But on current HW, memory reordering between threads is impossible in that case. Out-of-order execution of code on the same core gives the illusion of everything happening in program order. To get memory reordering between threads, they need to be running on different cores.
So we'd need a design that coupled together speculation between two logical cores. Nobody does that because it means more state needs to rollback if a mispredict is detected. But it is hypothetically possible. For example an OoO SMT core that allows store-forwarding between its logical cores even before they've retired from the out-of-order core (i.e. become non-speculative).
PowerPC allows store-forwarding between logical cores for retired stores, meaning that threads can disagree about the global order of stores. But waiting until they "graduate" (i.e. retire) and become non-speculative means it doesn't tie together speculation on separate logical cores. So when one is recovering from a branch miss, the others can keep the back-end busy. If they all had to rollback on a mispredict on any logical core, that would defeat a significant part of the benefit of SMT.

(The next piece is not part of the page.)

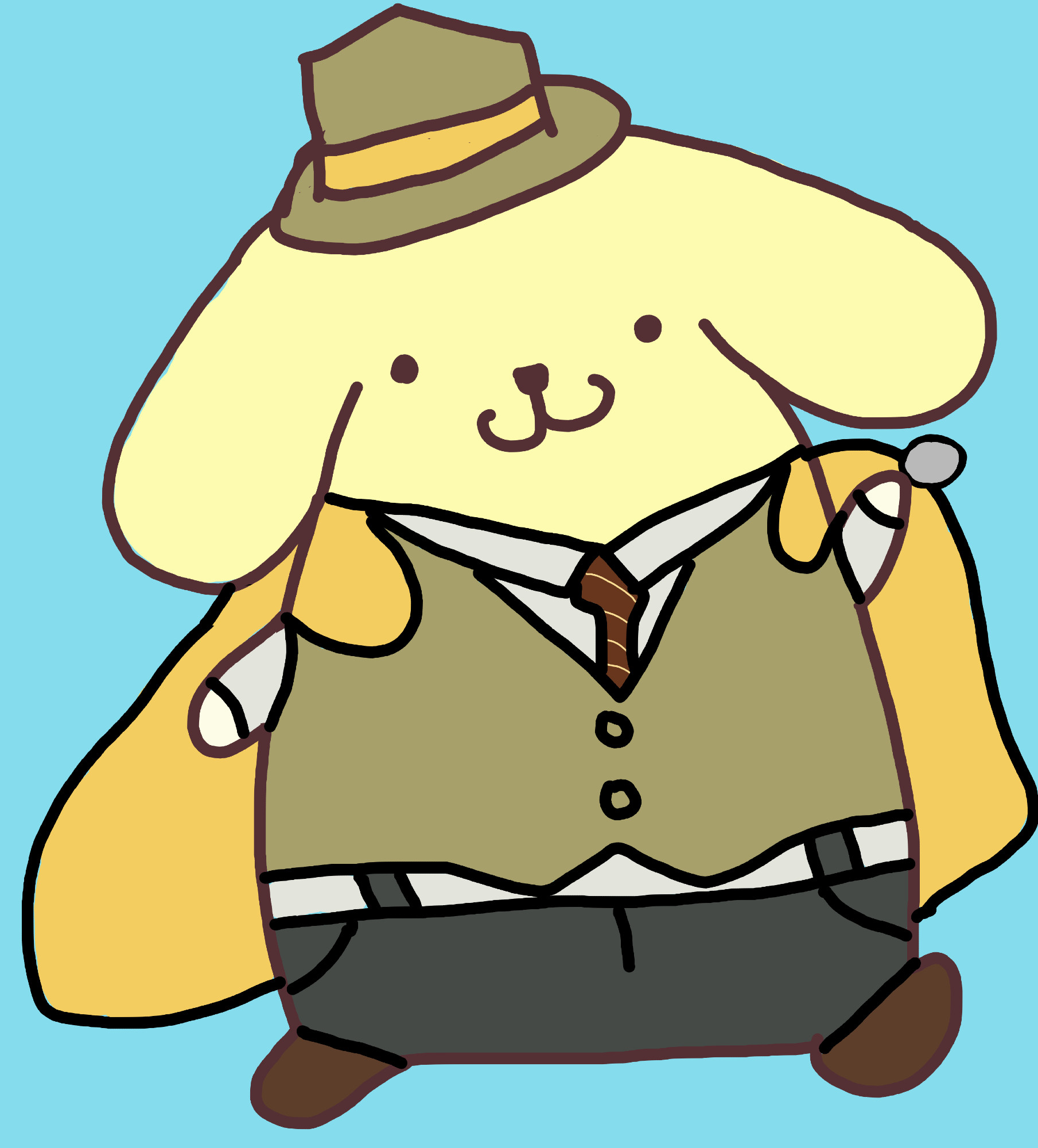 a digital drawing of pompompurin. he is dressed as partitio from octopath traveler 2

I thought for a while I'd found an ordering that lead to this on single core of a real weakly-ordered CPUs (with user-space context switching between the threads), but the final step store can't forward to the first step load because this is program order and OoO exec preserves that.

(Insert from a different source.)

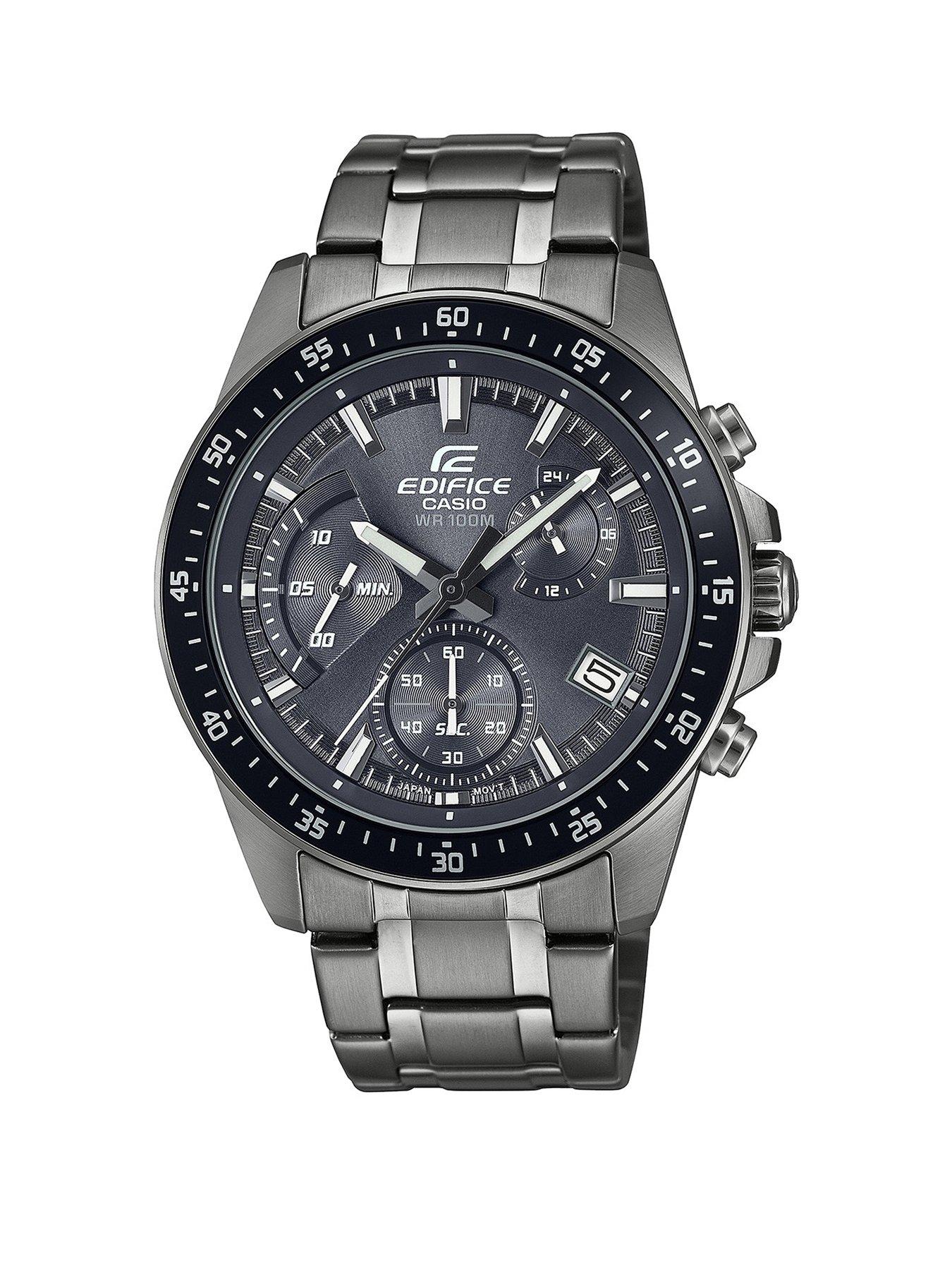 Edifice casio silver tone chronograph watch hotsell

T2: r2 = y; stalls (e.g. cache miss)
T2: branch prediction predicts that r2 == 42 will be true. ( x = 42 should run.
T2: x = 42 runs. (Still speculative; r2 = yhasn't obtained a value yet so ther2 == 42` compare/branch is still waiting to confirm that speculation).
a context switch to Thread 1 happens without rolling back the CPU to retirement state or otherwise waiting for speculation to be confirmed as good or detected as mis-speculation.
This part won't happen on real C++ implementations unless they use an M:N thread model, not the more common 1:1 C++ thread to OS thread. Real CPUs don't rename the privilege level: they don't take interrupts or otherwise enter the kernel with speculative instructions in flight that might need to rollback and redo entering kernel mode from a different architectural state.
T1: r1 = x; takes its value from the speculative x = 42 store
T1: r1 == 42 is found to be true. (Branch speculation happens here, too, not actually waiting for store-forwarding to complete. But along this path of execution, where the x = 42 did happen, this branch condition will execute and confirm the prediction).
T1: y = 42 runs.
this was all on the same CPU core so this y=42 store is after the r2=y load in program-order; it can't give that load a 42 to let the r2==42 speculation be confirmed. So this possible ordering doesn't demonstrate this in action after all. This is why threads have to be running on separate cores with inter-thread speculation for effects like this to be possible.
Note that x = 42 doesn't have a data dependency on r2 so value-prediction isn't required to make this happen. And the y=r1 is inside an if(r1 == 42) anyway so the compiler can optimize to y=42 if it wants, breaking the data dependency in the other thread and making things symmetric.
Note that the arguments about Green Threads or other context switch on a single core isn't actually relevant: we need separate cores for the memory reordering.
I commented earlier that I thought this might involve value-prediction. The ISO C++ standard's memory model is certainly weak enough to allow the kinds of crazy "reordering" that value-prediction can create to use, but it's not necessary for this reordering. y=r1 can be optimized to y=42, and the original code includes x=42 anyway so there's no data dependency of that store on the r2=y load. Speculative stores of 42 are easily possible without value prediction. (The problem is getting the other thread to see them!)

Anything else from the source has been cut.